When you repeat the entries, reproduce each line exactly and omit every picture.

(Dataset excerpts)
----
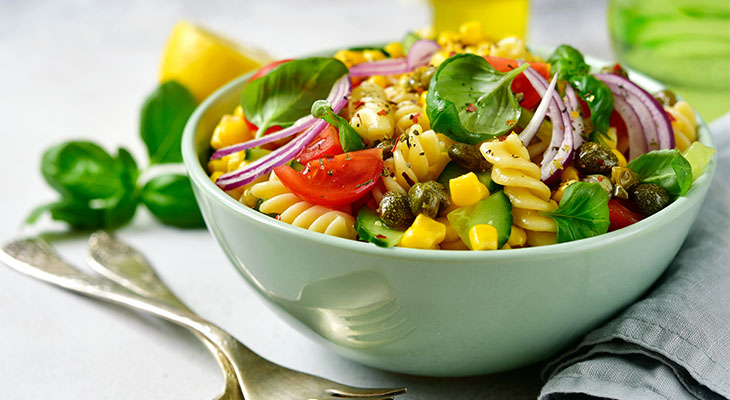Stock photo of rigatoni pasta salad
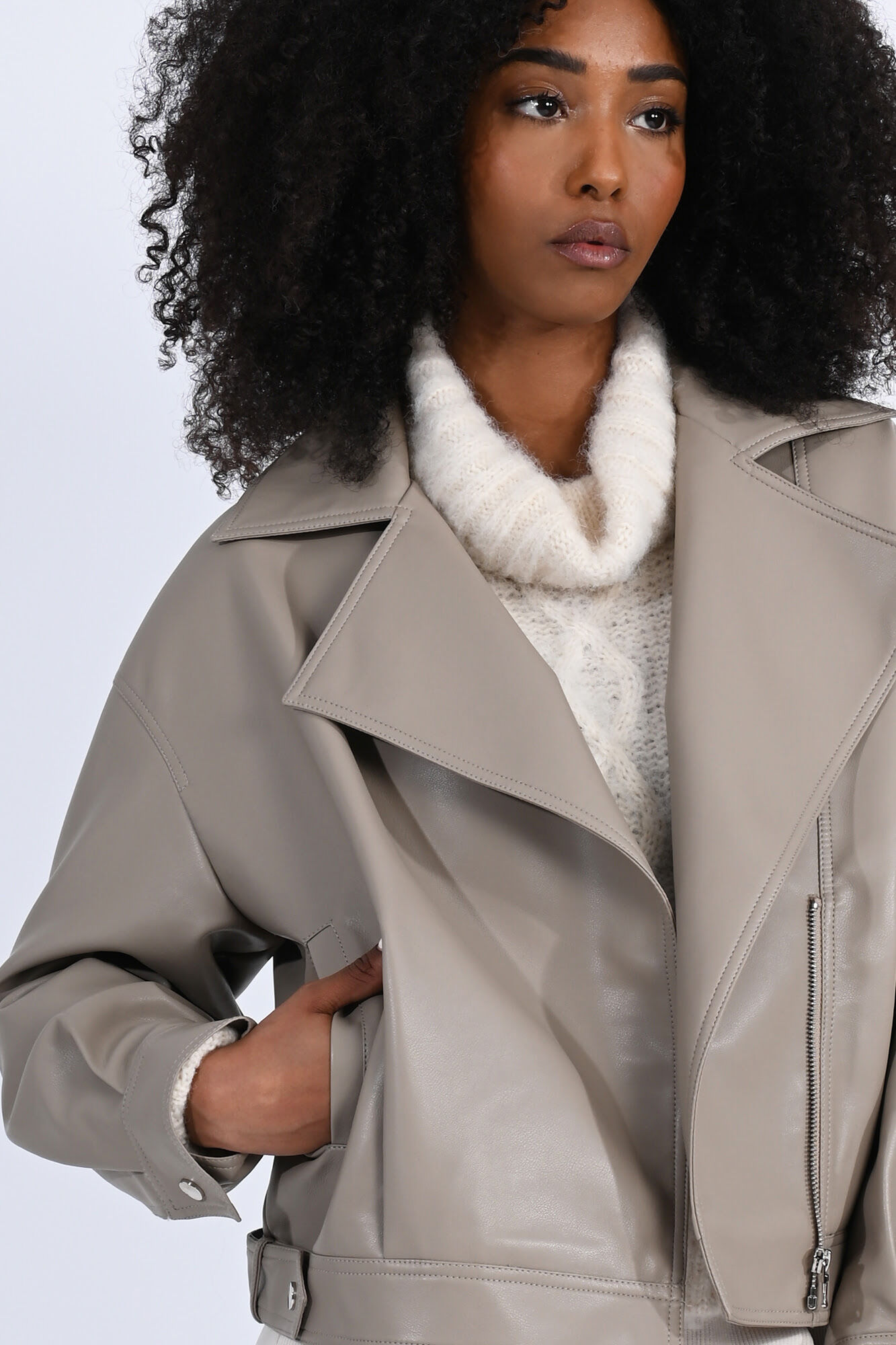 Faux leather jacket with lapel collar Women s jackets Cortefiel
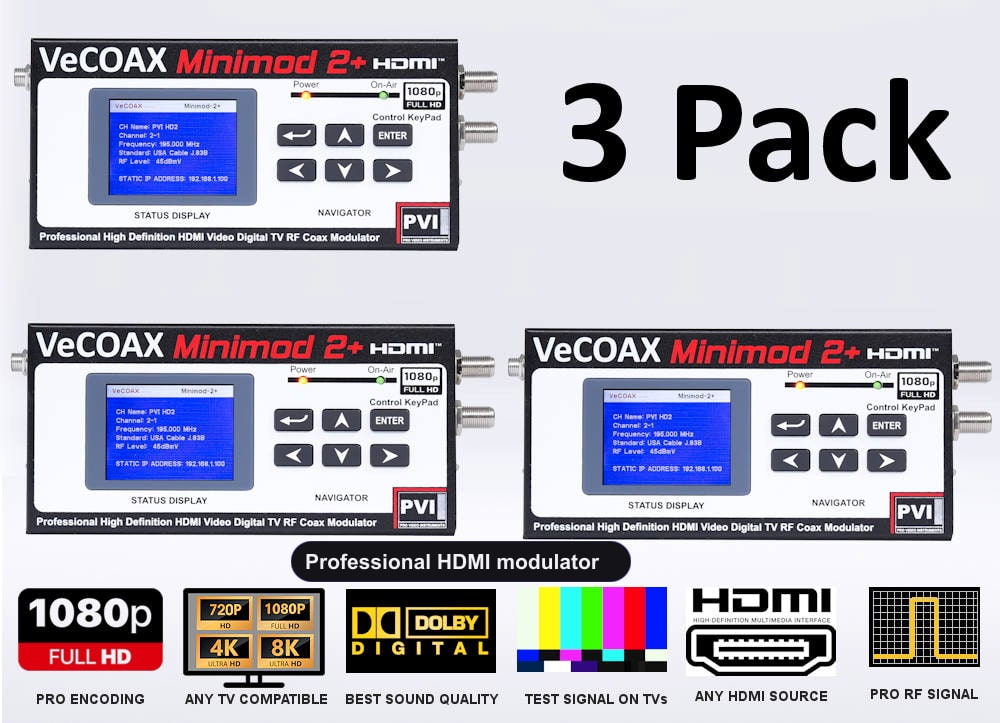 Professional HDMI modulator 3-pack bundle deal - three MINIMOD 2+ units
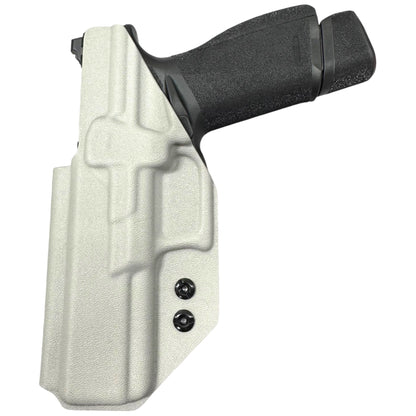 White gun holster with black gun on a white background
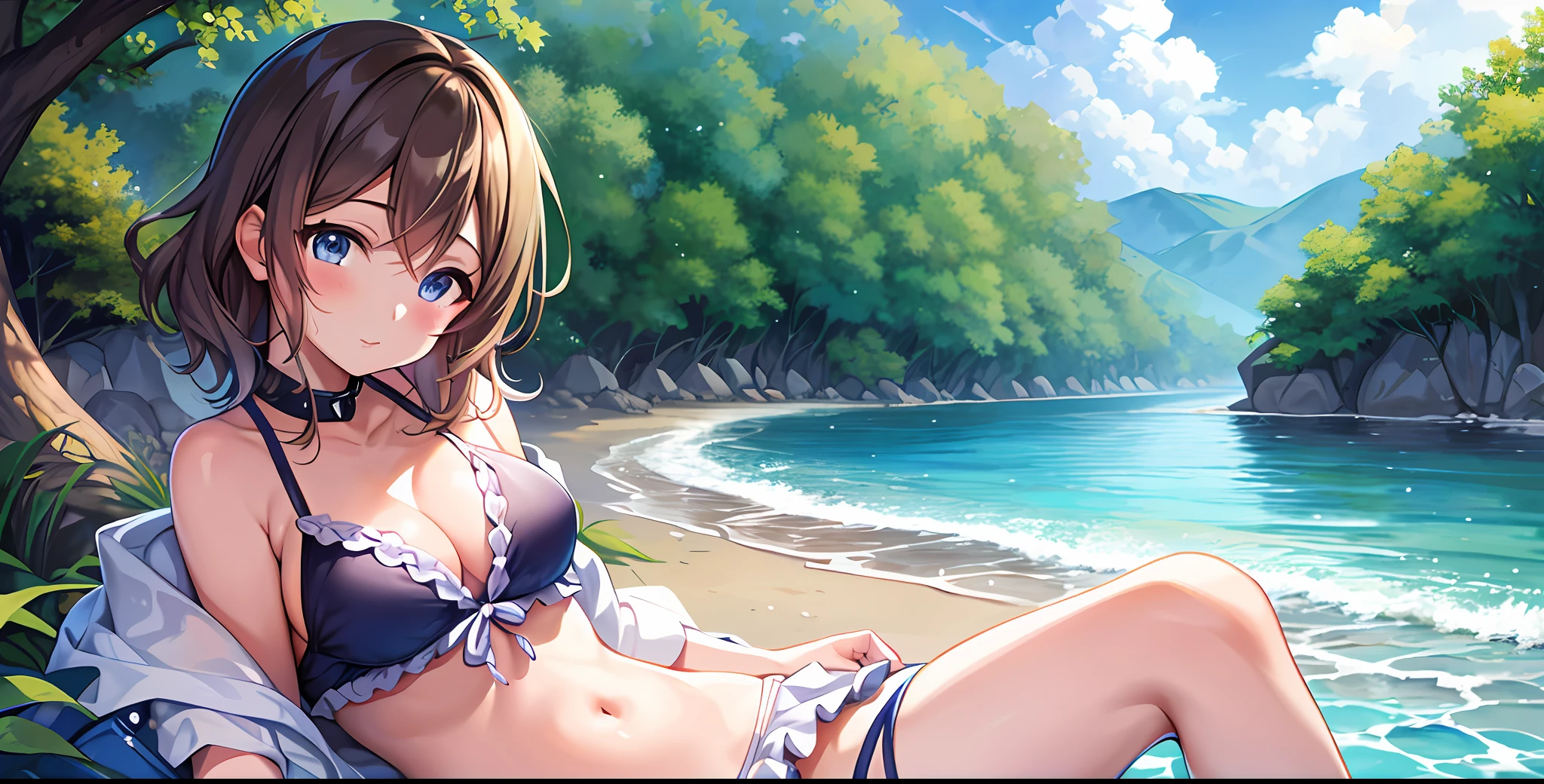 アニメスタイル 女性人物画 水着 アニメスタイル 水着 女性キャラクター 絵画 アニメスタイル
----
= Answer to the exercise =
Stock photo of rigatoni pasta salad
 Faux leather jacket with lapel collar Women s jackets Cortefiel
 Professional HDMI modulator 3-pack bundle deal - three MINIMOD 2+ units
 White gun holster with black gun on a white background
 アニメスタイル 女性人物画 水着 アニメスタイル 水着 女性キャラクター 絵画 アニメスタイル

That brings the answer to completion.